В Законодательной раде суждением о деятельности парижской делегации после пасхальных каникулов начался политический сезон. Из Парижа, кроме официальных донесений Быча, были получены письма некоторых его сотрудников. Сведениями из них подогревались петлюровские симпатии депутатов из группы черноморцев. Сообщалось, например, что депутат французской палаты Франклен-Буйон в разговоре с Бычом засвидетельствовал: «К счастью, в настоящее время, по имеющимся у него, Франклена-Буйона, сведениям «Петлюра сильнее, чем когда-либо»… Это свидетельствовалось, когда Петлюра потерял свою территорию. Какое значение этого депутата было во французском парламенте, какова ценность его квалификации, об этом и не спрашивалось, важностью уже признавалось то, что о Петлюре знают и говорят во французской палате депутатов. Конечно, здесь имело значение общее настроение черноморской группы; принимали на веру мнение Буйона, потому что это совпадало с собственным желанием и собственным настроением. И еще одна особенность как открывшихся прений в раде, так и вообще данного политического сезона, – это неумеренная манифестация Быча в Париже, Рябовола с Бескровным в Екатеринодаре, своих сильно демократических чувств и убеждений.
Как бы то ни было, показной демократизм в это время у наших черноморцев был в большой моде. Основной враг был – добровольцы в словесной и письменной номенклатуре. Они фигурировали под видом различного рода анонимов: «реставраторов», «большевиков справа» и т. п. Прямо называть себя и своих врагов боялись. У некоторых ораторов язык заплетался до чрезвычайности. Газетная хроника времени сохранила, например, следующий образец своеобразной эзоповщины одной из речей П. Л. Макаренко. Он, однажды, договорился до следующего «заховывання» своих подлинных мыслей: «Нужно действовать так, как нужно, а не так, как не нужно, хотя легче действовать так, как не нужно, чем так, как нужно»… и т. д.
Как чувствовал себя кубанец линейской группы, член делегации Краевой рады и одновременно член делегации Краевого правительства, свидетельствовало письмо Дм. А. Филимонова, прочитанное во время общих прений на собрании Законодательной рады членом рады Горбушиным. Филимонов буквально умолял поскорее освободить его от исполнения обязанностей члена делегаций и дать ему возможность лояльно выйти из состава делегации и возвратиться на Кубань.
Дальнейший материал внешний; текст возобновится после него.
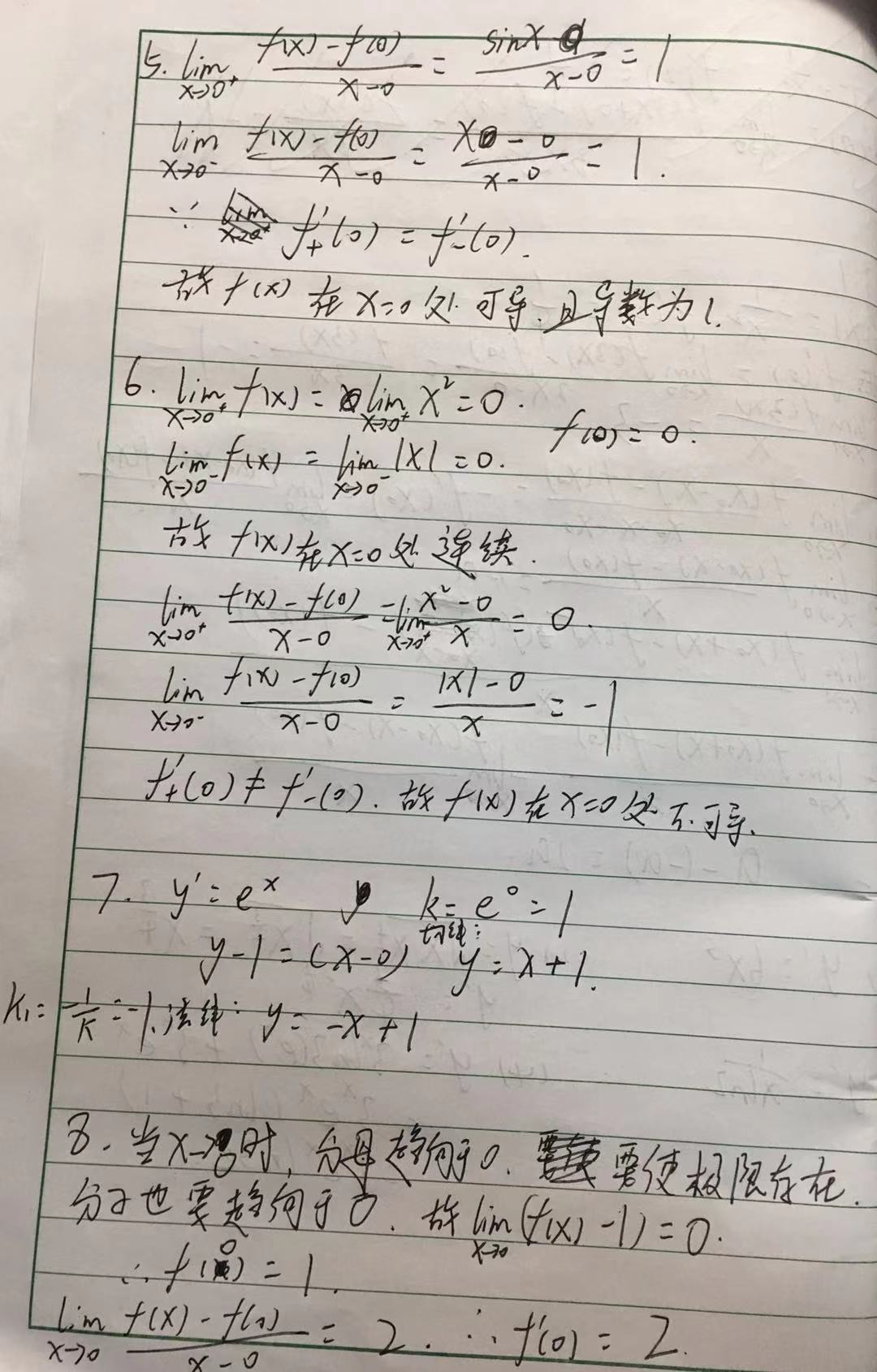 高等数学上-赵立军-北京大学出版社-题解-练习3.1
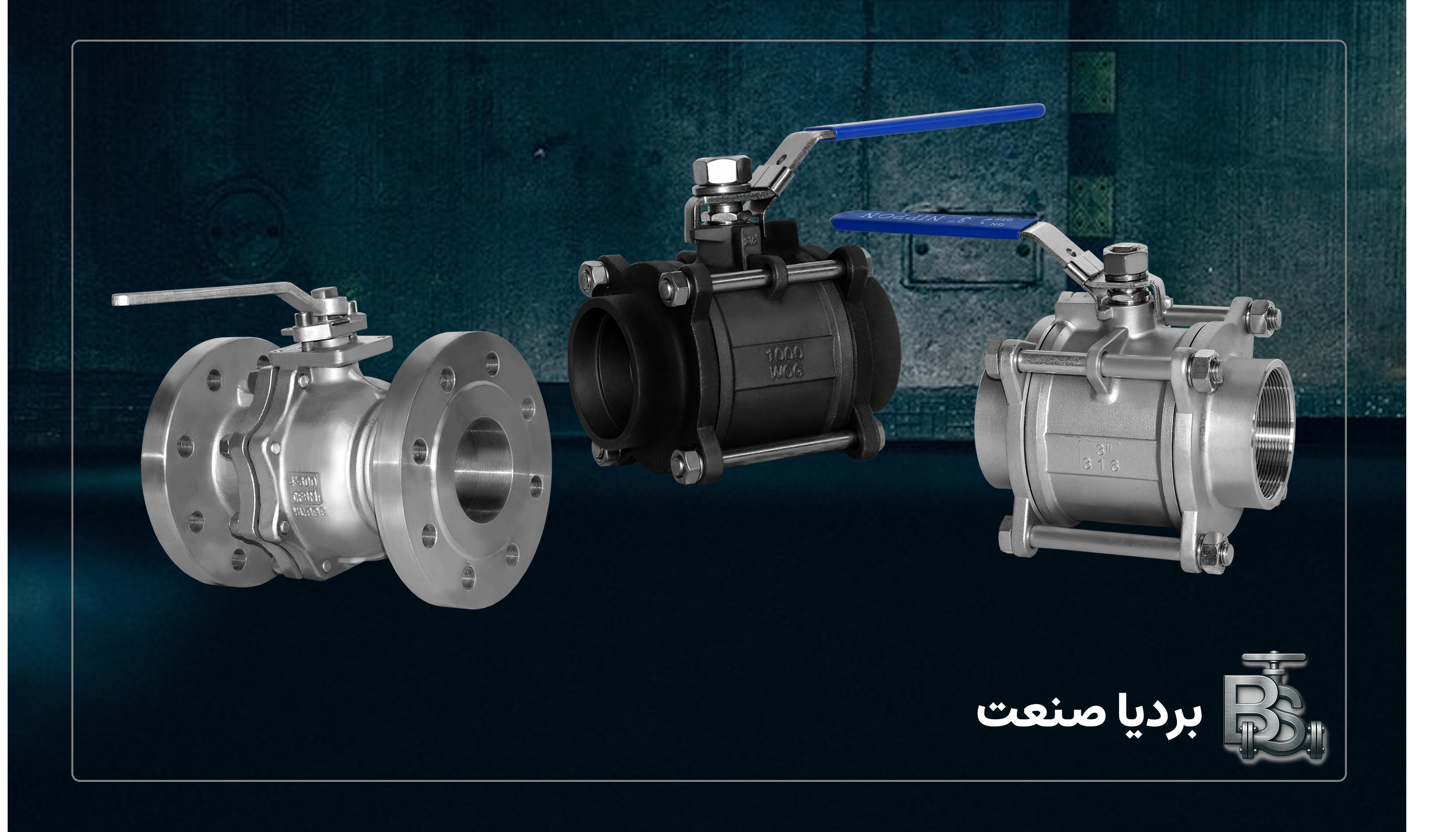 شیر توپی (Ball Valve): انواع، مزایا و راهنمای انتخاب برای خطوط فشار بالا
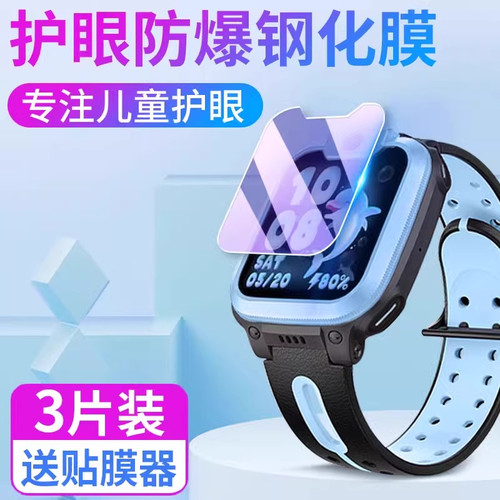适用小天才儿童电话手表Q2A钢化膜Z9/Z10/Z11/Z6/D3/D2A手表膜Z5A/Z5Q保护z6pro巅峰版Z7A/Z7S/Z8贴膜Q1A玻璃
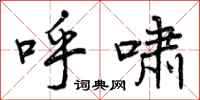 曾庆福呼啸行书怎么写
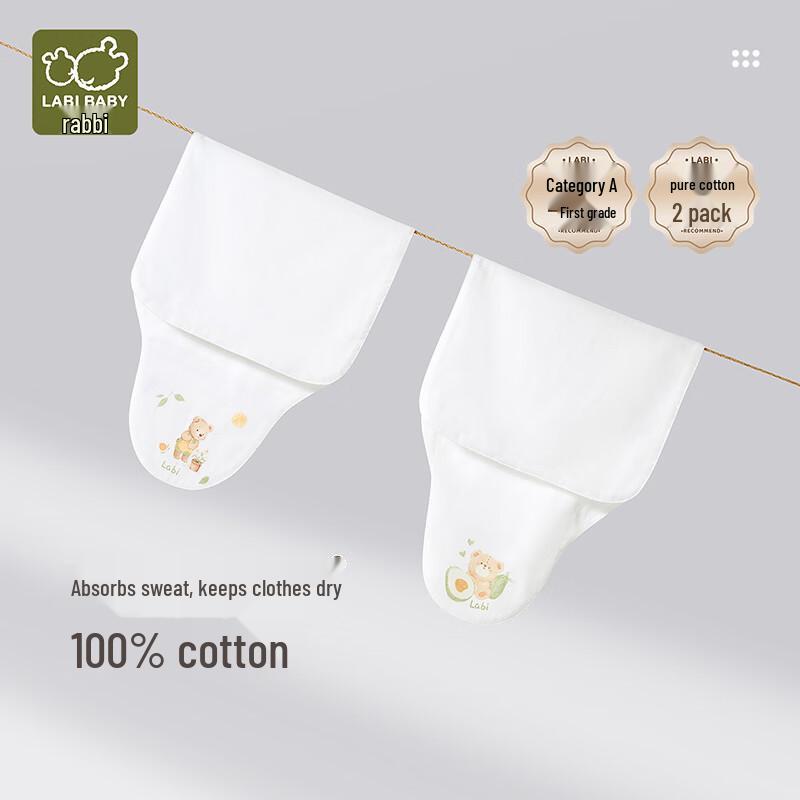 

Газовые полотенца-слюнявчики Labi Baby (2-Pack) 42x24 cm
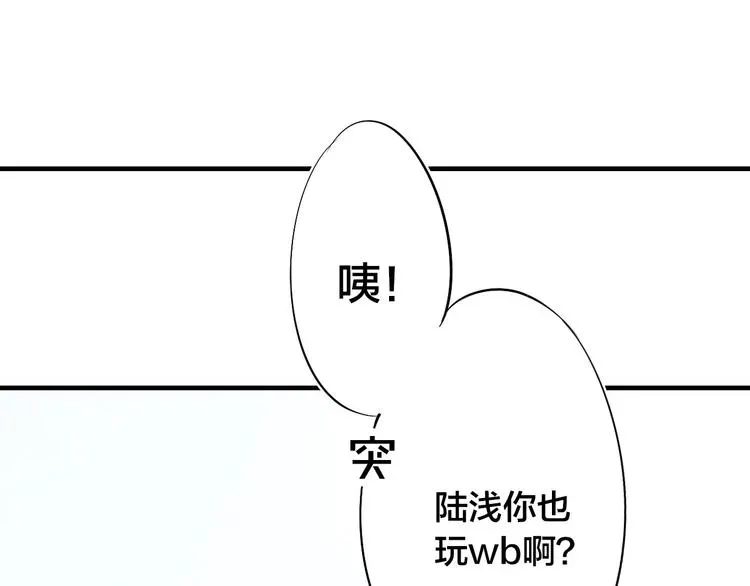 《给我哭》-辞浅而情深 辞浅篇 第58话 无法介入 第37页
Член рады П. М. Каплин и я делали заявления на этом собрании рады от имени правительства, указывали на необходимость поддержки единства противо-большевистского фронта, уточняли, в чем заключалось при данном нашем положении соблюдение принципов демократии и какую большую важность составляло его последовательное проведение в жизнь не только на словах, но и на деле… «Нужно отказаться от демагогии», – громко взывали мы.